• Exercise requirements: Transcribe each line below verbatim; pictures excluded.

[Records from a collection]
"""

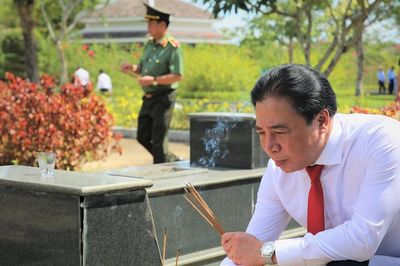 Lãnh đạo thành phố Đà Nẵng dâng hương tại Nghĩa trang liệt sĩ và Tượng đài Mẹ Việt Nam anh hùng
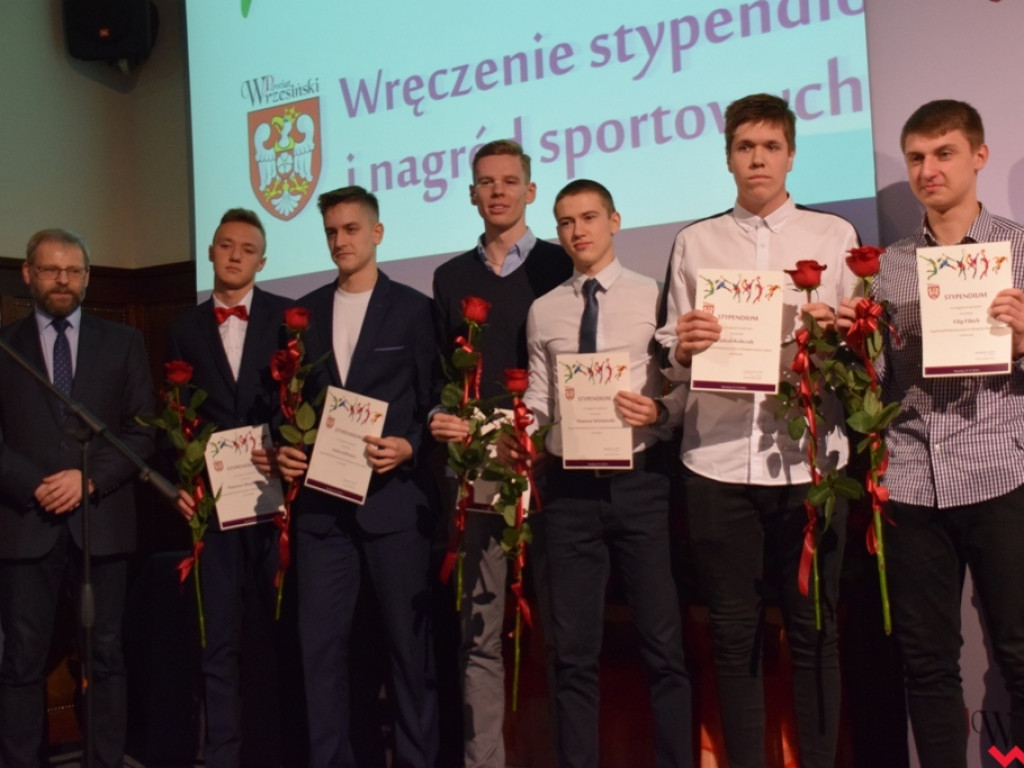 Wiele dyscyplin – jedna pasja. Powiatowe stypendia i nagrody dla młodych sportowców i trenerów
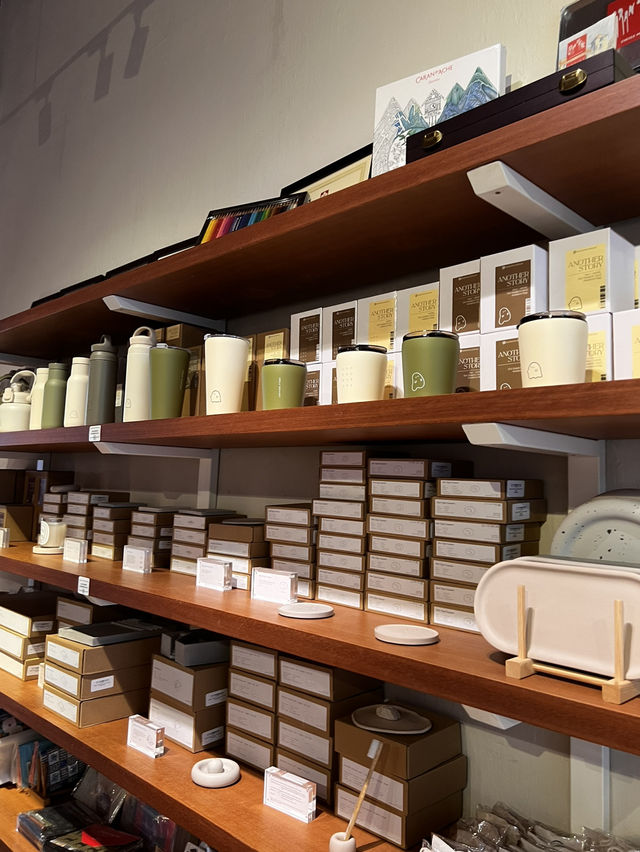 P.66: Penang’s Hidden Gem – A Minimalist Café Nestled Within a Stylish Stationery Store 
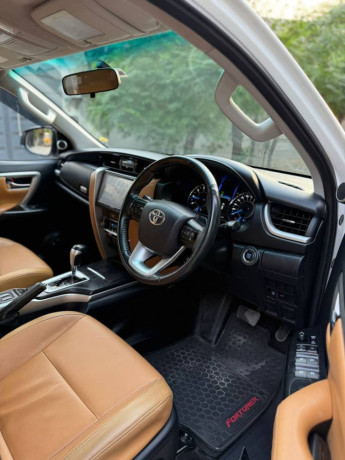 toyota-fortuner-sigma-28-diesel-big-6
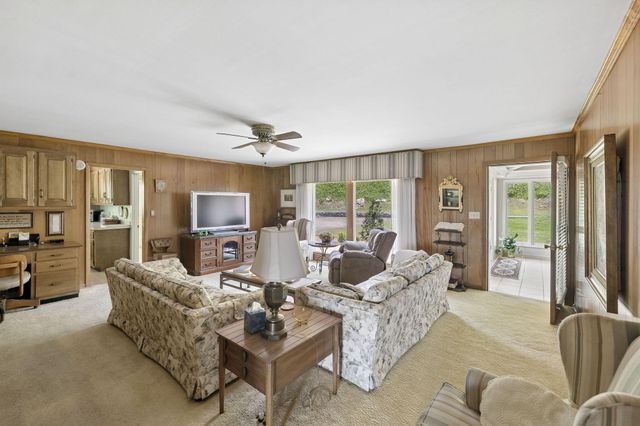 54 Shallowford Road, Chattanooga, TN 37404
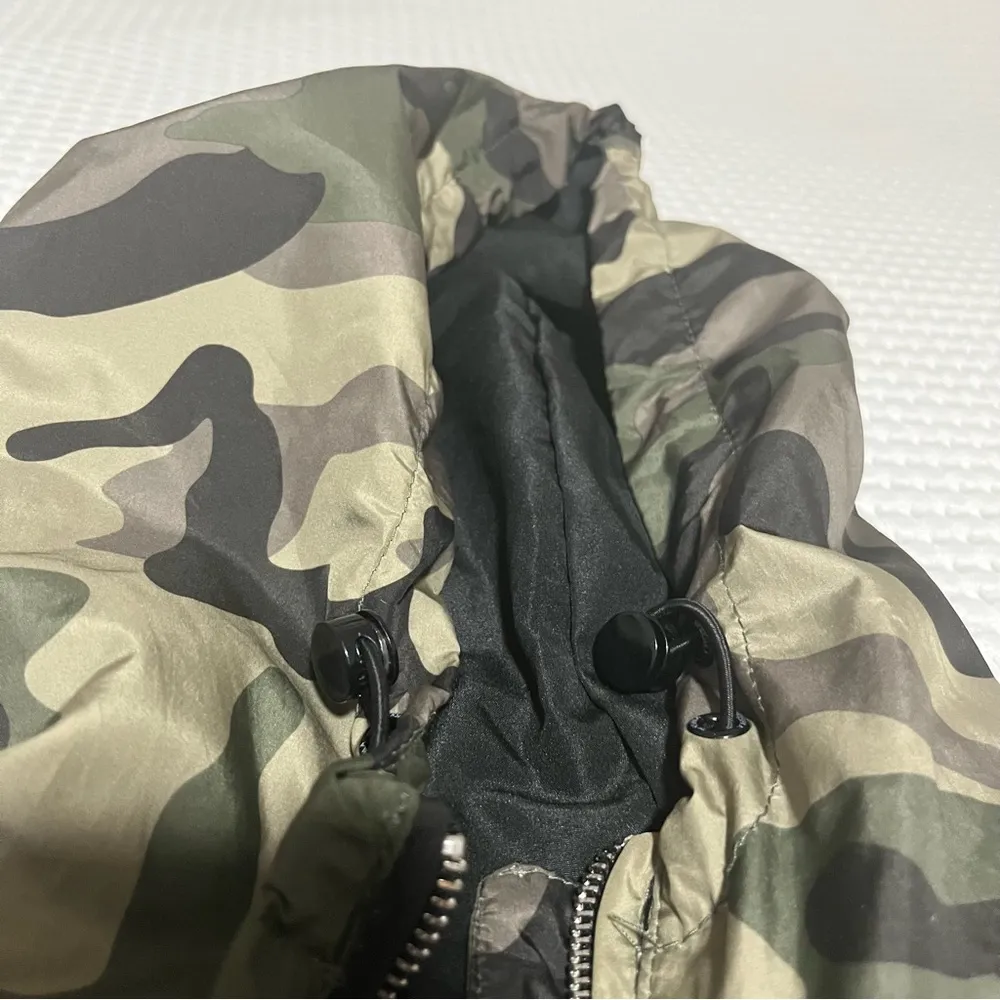 Bershka | Camo Army Rain Jacket Windbreaker XS Green Black NWOT - Image 5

"""

• Solution for this exercise:
 Lãnh đạo thành phố Đà Nẵng dâng hương tại Nghĩa trang liệt sĩ và Tượng đài Mẹ Việt Nam anh hùng
 Wiele dyscyplin – jedna pasja. Powiatowe stypendia i nagrody dla młodych sportowców i trenerów
 P.66: Penang’s Hidden Gem – A Minimalist Café Nestled Within a Stylish Stationery Store 
 toyota-fortuner-sigma-28-diesel-big-6
 54 Shallowford Road, Chattanooga, TN 37404
 Bershka | Camo Army Rain Jacket Windbreaker XS Green Black NWOT - Image 5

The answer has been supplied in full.